ACTIVITY:
Below, find the line containing "Police pulled over" and the line containing "Girls playing with"; reproduce exactly those two and every line between them, omitting pictures.

WORKING DATA:
┌────────
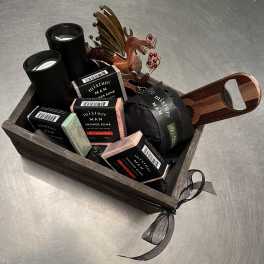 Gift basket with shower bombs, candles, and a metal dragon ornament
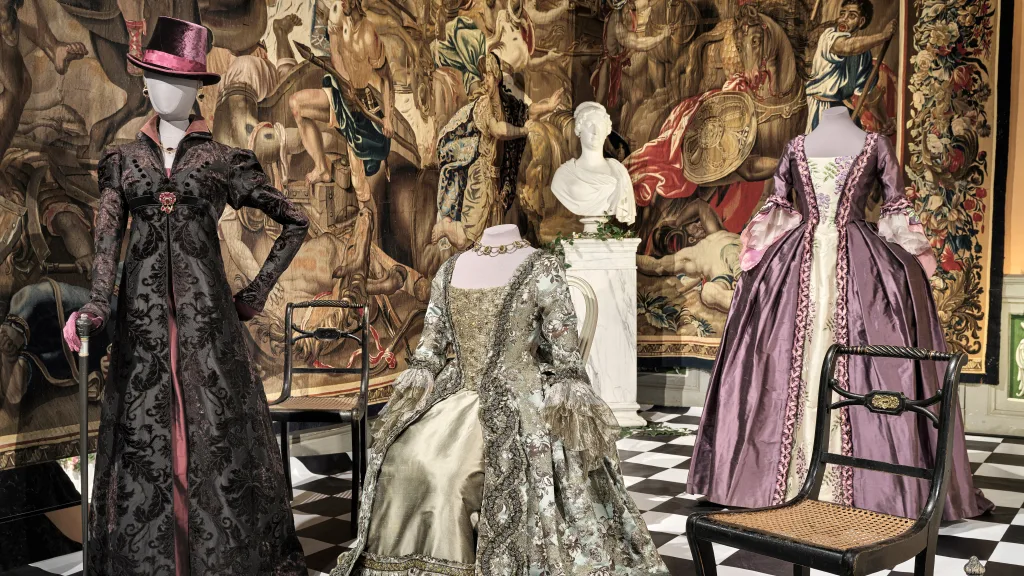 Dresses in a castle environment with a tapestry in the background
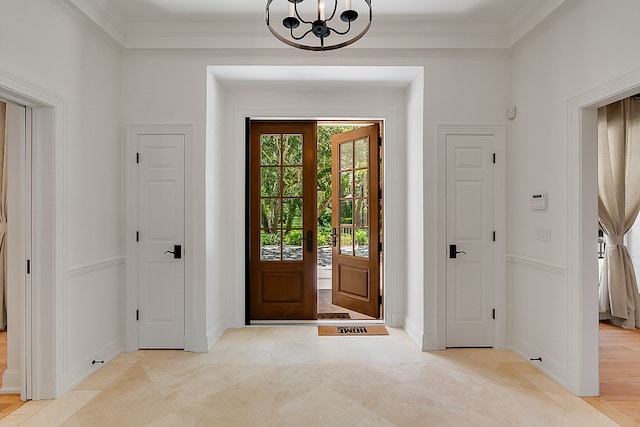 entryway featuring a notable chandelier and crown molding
└────────
┌────────
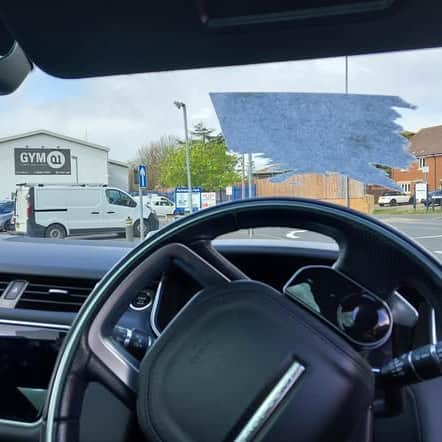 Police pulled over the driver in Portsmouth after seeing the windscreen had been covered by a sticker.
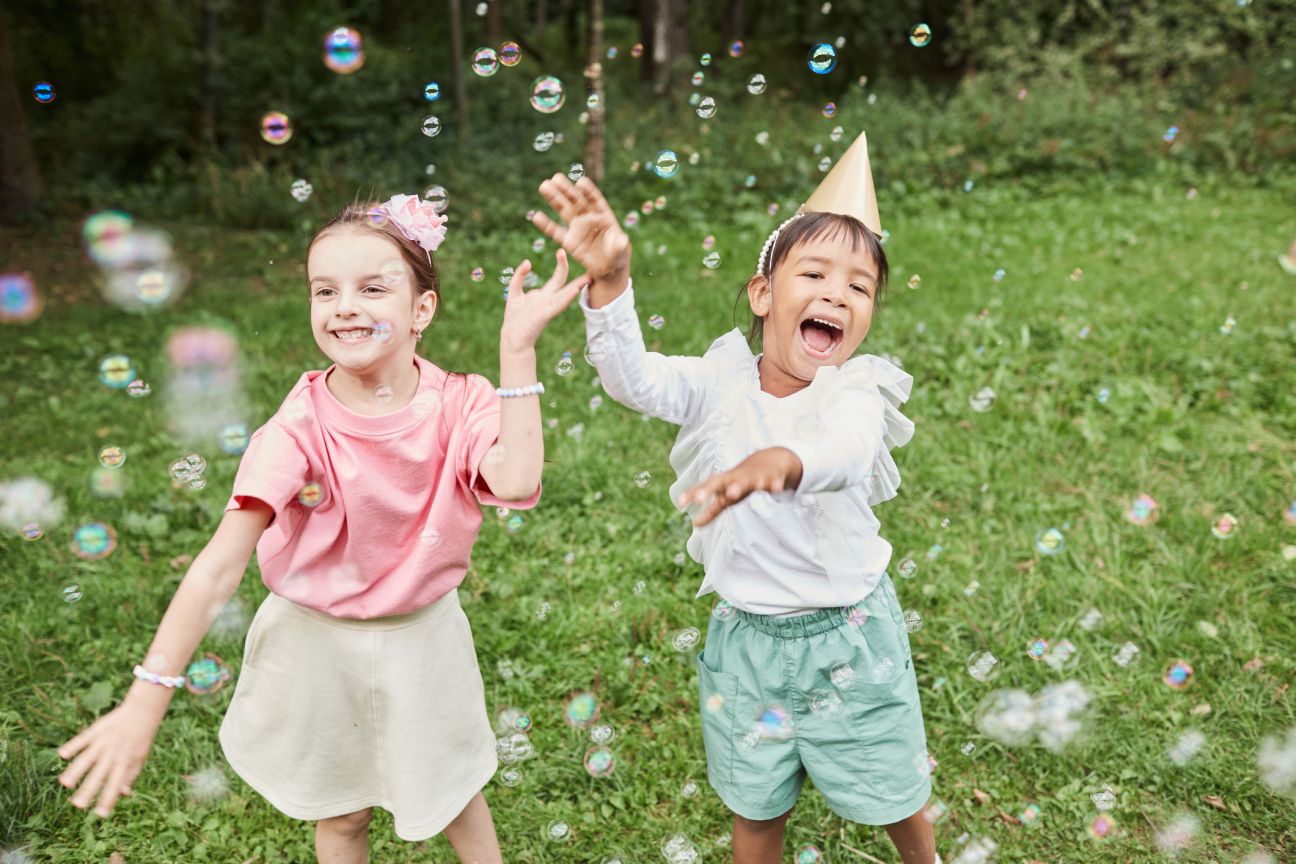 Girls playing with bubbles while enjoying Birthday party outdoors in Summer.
└────────
┌────────
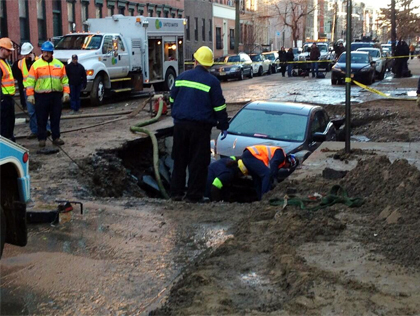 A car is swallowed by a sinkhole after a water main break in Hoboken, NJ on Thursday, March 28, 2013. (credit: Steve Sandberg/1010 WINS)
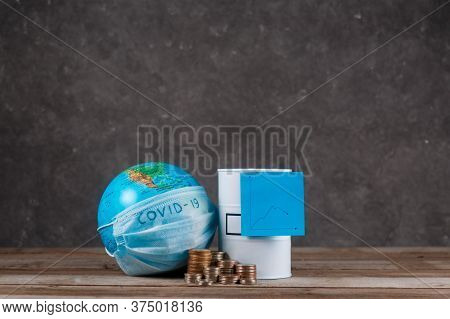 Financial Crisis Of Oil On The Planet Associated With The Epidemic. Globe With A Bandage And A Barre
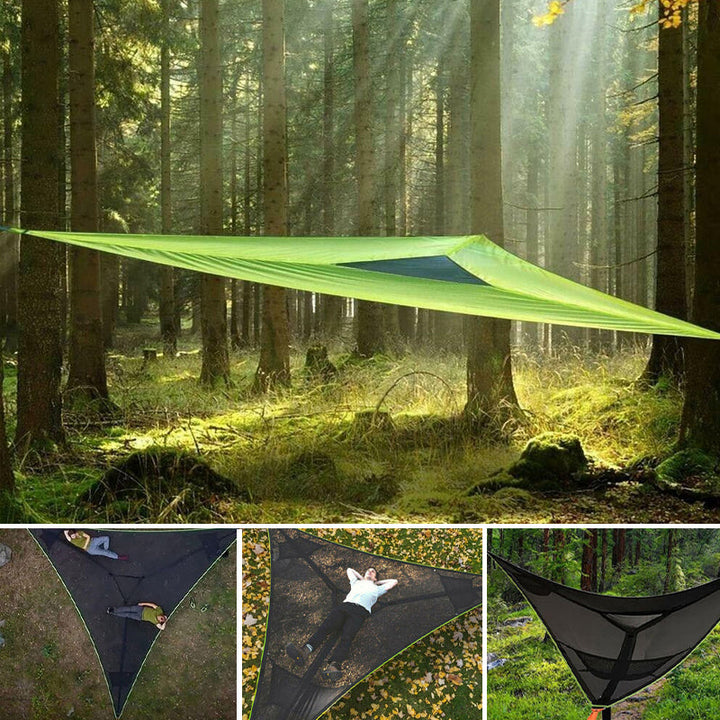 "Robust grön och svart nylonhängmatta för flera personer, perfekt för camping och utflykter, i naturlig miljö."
└────────
TASK OUTPUT:
 Police pulled over the driver in Portsmouth after seeing the windscreen had been covered by a sticker.
 Girls playing with bubbles while enjoying Birthday party outdoors in Summer.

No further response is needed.